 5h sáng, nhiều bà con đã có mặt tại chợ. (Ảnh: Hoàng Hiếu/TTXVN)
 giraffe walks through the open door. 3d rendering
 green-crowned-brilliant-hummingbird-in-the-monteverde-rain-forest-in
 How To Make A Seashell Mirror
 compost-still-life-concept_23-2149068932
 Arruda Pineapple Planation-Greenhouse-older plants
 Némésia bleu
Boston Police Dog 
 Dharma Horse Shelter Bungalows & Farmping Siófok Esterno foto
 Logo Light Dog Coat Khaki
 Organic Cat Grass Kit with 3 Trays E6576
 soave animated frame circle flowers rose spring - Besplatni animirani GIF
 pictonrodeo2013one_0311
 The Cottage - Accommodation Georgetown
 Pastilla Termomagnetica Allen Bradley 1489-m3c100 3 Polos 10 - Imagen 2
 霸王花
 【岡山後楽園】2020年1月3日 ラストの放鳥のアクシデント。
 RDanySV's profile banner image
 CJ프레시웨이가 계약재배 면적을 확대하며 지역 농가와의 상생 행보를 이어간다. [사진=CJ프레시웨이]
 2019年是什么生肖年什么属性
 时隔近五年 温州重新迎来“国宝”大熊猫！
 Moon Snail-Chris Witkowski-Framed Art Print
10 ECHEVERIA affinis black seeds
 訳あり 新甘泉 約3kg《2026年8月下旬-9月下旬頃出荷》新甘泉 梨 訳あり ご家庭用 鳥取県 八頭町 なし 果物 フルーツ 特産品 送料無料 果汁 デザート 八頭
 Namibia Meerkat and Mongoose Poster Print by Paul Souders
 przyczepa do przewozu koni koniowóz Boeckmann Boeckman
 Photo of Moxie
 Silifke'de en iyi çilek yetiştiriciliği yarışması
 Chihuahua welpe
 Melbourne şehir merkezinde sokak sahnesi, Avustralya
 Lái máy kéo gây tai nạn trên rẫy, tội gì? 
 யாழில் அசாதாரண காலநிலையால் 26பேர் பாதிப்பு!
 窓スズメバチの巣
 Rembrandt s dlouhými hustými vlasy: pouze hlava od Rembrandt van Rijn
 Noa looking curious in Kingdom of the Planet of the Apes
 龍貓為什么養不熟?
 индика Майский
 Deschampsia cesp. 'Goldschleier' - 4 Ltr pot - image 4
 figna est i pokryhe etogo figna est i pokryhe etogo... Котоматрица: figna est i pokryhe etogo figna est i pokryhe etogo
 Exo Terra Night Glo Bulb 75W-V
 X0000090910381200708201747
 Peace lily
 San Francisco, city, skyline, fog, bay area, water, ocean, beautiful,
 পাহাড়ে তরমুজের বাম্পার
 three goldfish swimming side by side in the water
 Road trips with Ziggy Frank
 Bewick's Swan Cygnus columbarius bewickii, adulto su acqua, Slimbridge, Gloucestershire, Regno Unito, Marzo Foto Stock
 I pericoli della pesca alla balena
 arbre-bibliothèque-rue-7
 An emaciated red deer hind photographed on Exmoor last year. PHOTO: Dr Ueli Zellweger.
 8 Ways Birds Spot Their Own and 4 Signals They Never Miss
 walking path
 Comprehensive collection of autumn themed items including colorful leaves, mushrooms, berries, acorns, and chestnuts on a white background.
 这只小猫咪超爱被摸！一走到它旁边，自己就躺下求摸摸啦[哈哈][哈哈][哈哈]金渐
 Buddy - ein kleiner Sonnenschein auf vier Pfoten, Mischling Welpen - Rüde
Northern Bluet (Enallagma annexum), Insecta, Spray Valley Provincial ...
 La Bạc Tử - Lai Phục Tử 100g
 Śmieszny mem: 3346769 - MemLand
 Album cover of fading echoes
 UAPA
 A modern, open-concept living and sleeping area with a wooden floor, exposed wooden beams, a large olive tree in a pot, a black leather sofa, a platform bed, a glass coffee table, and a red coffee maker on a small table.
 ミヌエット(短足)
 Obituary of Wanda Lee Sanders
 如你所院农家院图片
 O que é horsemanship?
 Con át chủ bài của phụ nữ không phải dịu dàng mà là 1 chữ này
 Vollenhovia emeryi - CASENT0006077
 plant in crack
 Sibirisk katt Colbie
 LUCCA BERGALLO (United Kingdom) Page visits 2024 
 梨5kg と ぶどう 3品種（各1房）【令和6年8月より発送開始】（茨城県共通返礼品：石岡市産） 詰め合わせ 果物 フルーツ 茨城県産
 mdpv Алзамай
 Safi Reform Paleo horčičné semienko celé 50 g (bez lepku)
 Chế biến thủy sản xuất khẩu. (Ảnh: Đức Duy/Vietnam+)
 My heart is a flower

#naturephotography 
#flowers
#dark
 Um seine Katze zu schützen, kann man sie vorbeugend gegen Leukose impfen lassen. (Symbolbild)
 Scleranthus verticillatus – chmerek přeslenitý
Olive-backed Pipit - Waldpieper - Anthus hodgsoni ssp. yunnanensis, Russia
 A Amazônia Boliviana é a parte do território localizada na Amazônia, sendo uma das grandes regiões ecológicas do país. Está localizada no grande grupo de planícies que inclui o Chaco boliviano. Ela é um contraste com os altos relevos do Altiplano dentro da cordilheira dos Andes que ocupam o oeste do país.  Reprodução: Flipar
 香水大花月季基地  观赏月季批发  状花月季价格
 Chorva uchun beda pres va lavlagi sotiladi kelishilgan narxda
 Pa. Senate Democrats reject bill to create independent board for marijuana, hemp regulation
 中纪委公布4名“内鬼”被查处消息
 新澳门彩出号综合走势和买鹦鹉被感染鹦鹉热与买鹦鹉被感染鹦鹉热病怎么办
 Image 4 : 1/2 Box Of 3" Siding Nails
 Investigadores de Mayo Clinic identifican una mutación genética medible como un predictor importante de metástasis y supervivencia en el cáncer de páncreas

WORK REQUIRED → Take the lines above from the one holding "plant in crack" to the last and output them exactly.

COMPLETED TASK →
 plant in crack
 Sibirisk katt Colbie
 LUCCA BERGALLO (United Kingdom) Page visits 2024 
 梨5kg と ぶどう 3品種（各1房）【令和6年8月より発送開始】（茨城県共通返礼品：石岡市産） 詰め合わせ 果物 フルーツ 茨城県産
 mdpv Алзамай
 Safi Reform Paleo horčičné semienko celé 50 g (bez lepku)
 Chế biến thủy sản xuất khẩu. (Ảnh: Đức Duy/Vietnam+)
 My heart is a flower

#naturephotography 
#flowers
#dark
 Um seine Katze zu schützen, kann man sie vorbeugend gegen Leukose impfen lassen. (Symbolbild)
 Scleranthus verticillatus – chmerek přeslenitý
Olive-backed Pipit - Waldpieper - Anthus hodgsoni ssp. yunnanensis, Russia
 A Amazônia Boliviana é a parte do território localizada na Amazônia, sendo uma das grandes regiões ecológicas do país. Está localizada no grande grupo de planícies que inclui o Chaco boliviano. Ela é um contraste com os altos relevos do Altiplano dentro da cordilheira dos Andes que ocupam o oeste do país.  Reprodução: Flipar
 香水大花月季基地  观赏月季批发  状花月季价格
 Chorva uchun beda pres va lavlagi sotiladi kelishilgan narxda
 Pa. Senate Democrats reject bill to create independent board for marijuana, hemp regulation
 中纪委公布4名“内鬼”被查处消息
 新澳门彩出号综合走势和买鹦鹉被感染鹦鹉热与买鹦鹉被感染鹦鹉热病怎么办
 Image 4 : 1/2 Box Of 3" Siding Nails
 Investigadores de Mayo Clinic identifican una mutación genética medible como un predictor importante de metástasis y supervivencia en el cáncer de páncreas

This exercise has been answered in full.